Au lieu d’ouvrir un nouveau champ des possibles et d’impulser une nouvelle dynamique politique, l’élection présidentielle risque de renforcer une crise de la «représentativité des représentants» et de creuser le sentiment de vide politique… En outre, dans le cas probable de l’élection du candidat (d’)«En marche», la reconfiguration intra et interpartisane ne serait pas forcément synonyme de clarification, mais au contraire d’instabilité politique en cas d’absence de majorité absolue à l’Assemblée.

Une majorité présidentielle étriquée (avec un score en-deçà de 25 % au premier tour), conjuguée à une majorité parlementaire instable plongerait le régime dans une forme d’impotence. Celle-là même qui nourrit la défiance des citoyens à l’égard de politiques jugés impuissants…

En outre, la large défaite électorale de la candidate de l’extrême-droite au second tour de l’élection présidentielle ne saurait masquer les signaux d’une victoire politique et culturelle de Marine Le Pen.
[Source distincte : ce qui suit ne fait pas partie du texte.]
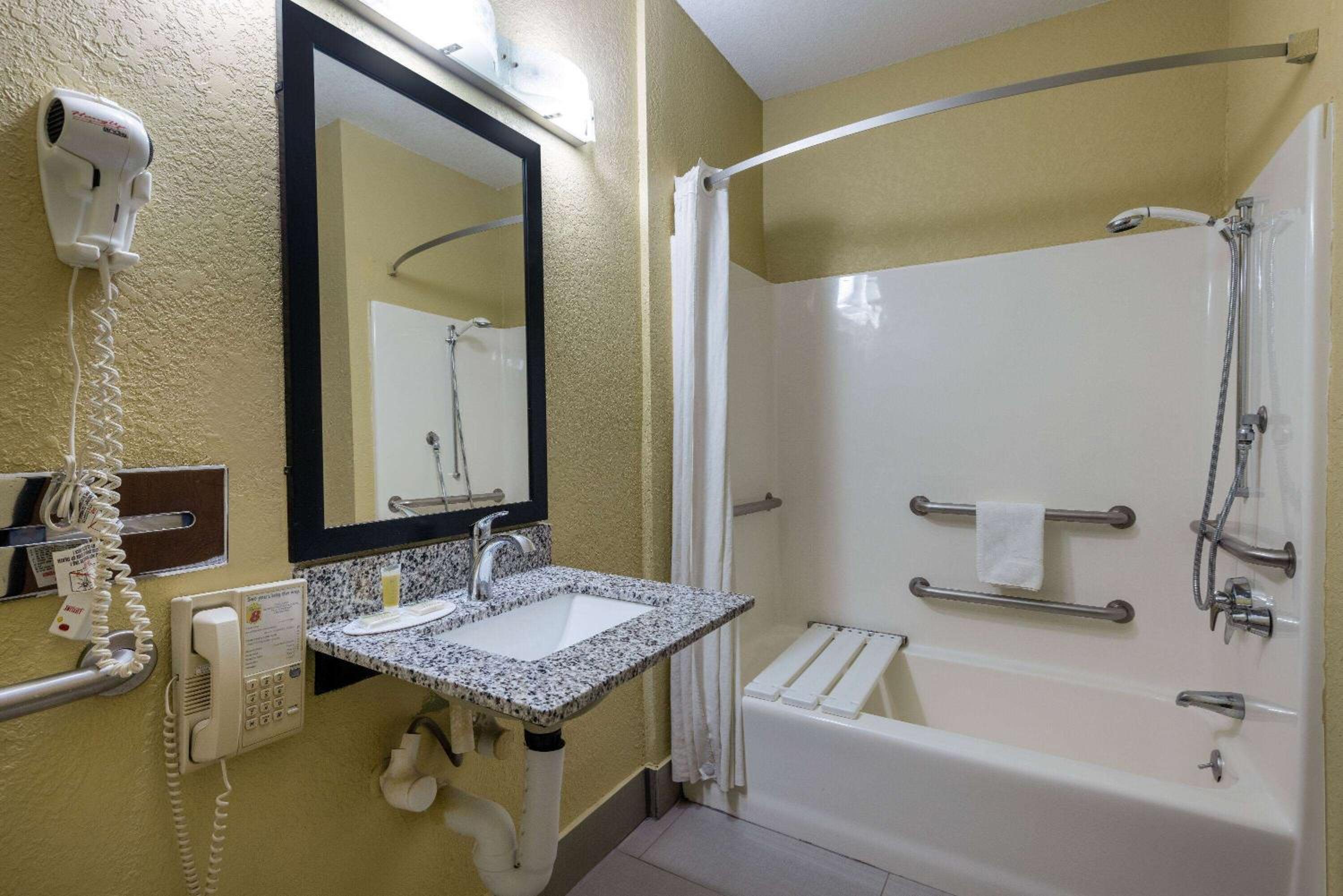 King Room - Mobility Access/Non-Smoking - Photo 3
Celle-ci a réuni environ 34% des suffrages et près de 11 millions de voix, environ deux fois plus que son père en 2002. Une progression spectaculaire et continue, malgré un fort recul enregistré par le FN lors des élections présidentielle et législatives de 2007.
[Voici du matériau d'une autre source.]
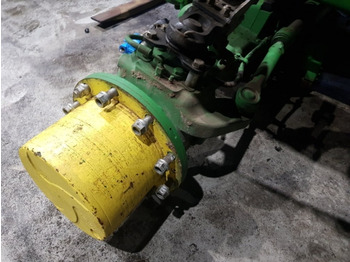 Foraksel JOHN DEERE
Depuis, la machine électorale a repris le sens de sa dynamique implacable née lors des élections européennes de 1984. Le score obtenu le 7 mai représente ainsi un record du nombre de voix obtenues par la formation d’extrême-droite, toutes élections confondues, soit une nette progression par rapport au résultat du premier tour de l’élection présidentielle (7,6 millions de voix) de cette année, où Marine Le Pen avait déjà battu le précédent record de son parti, qui datait des régionales 2015.

Pis, l’absence de « front républicain » a permis de fissurer le fameux « plafond de verre » auquel l’extrême-droite continue encore de se heurter lors de chaque scrutin majoritaire. Celui-ci risque à son tour de céder du fait de la volonté affichée d’accélérer et de renforcer la stratégie de « dédiabolisation-transformation » du FN. Du reste, l’évènement politique majeur de cet entre-deux-tours restera l’alliance scellée entre Marine Le Pen et Dupont-Aignan, entre les leaders respectifs d’un parti historiquement anti-gaulliste et d’une formation se revendiquant de l’héritage direct du gaullisme.
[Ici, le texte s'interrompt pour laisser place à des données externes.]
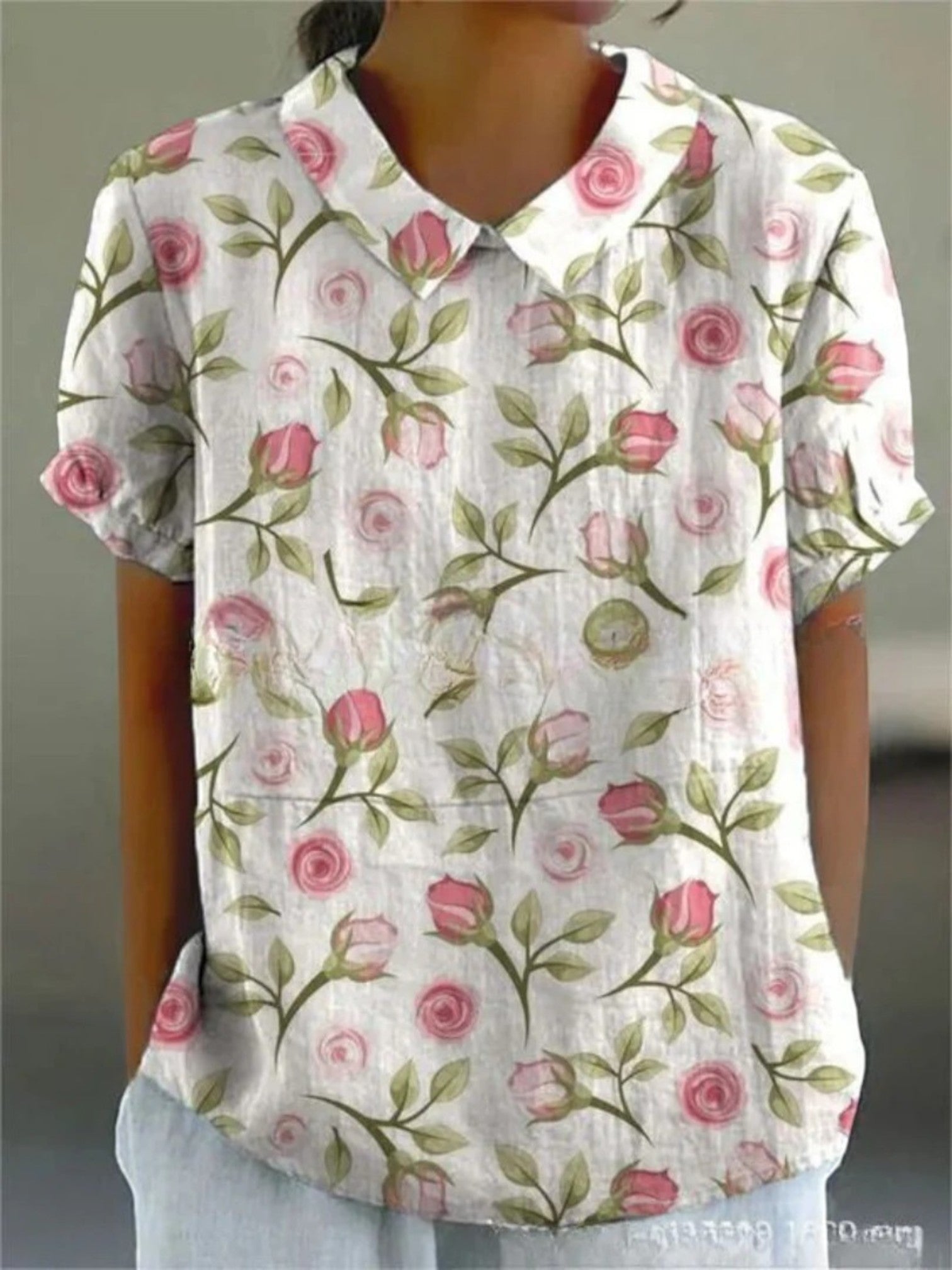 Ayla | Casual Blouse Met Bloemenborduursel | Korte Mouwen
Aujourd’hui, si ce rapprochement devait se confirmer, nul doute que le FN participe de fait au mouvement général de recomposition du paysage politique français au-delà du traditionnel clivage extrême-droite/droite/gauche.

L’avènement d’un clivage idéologique autour du rapport aux frontières nationales – formelles et imaginaires- du pays symbolise la victoire idéologique et culturelle du Front national.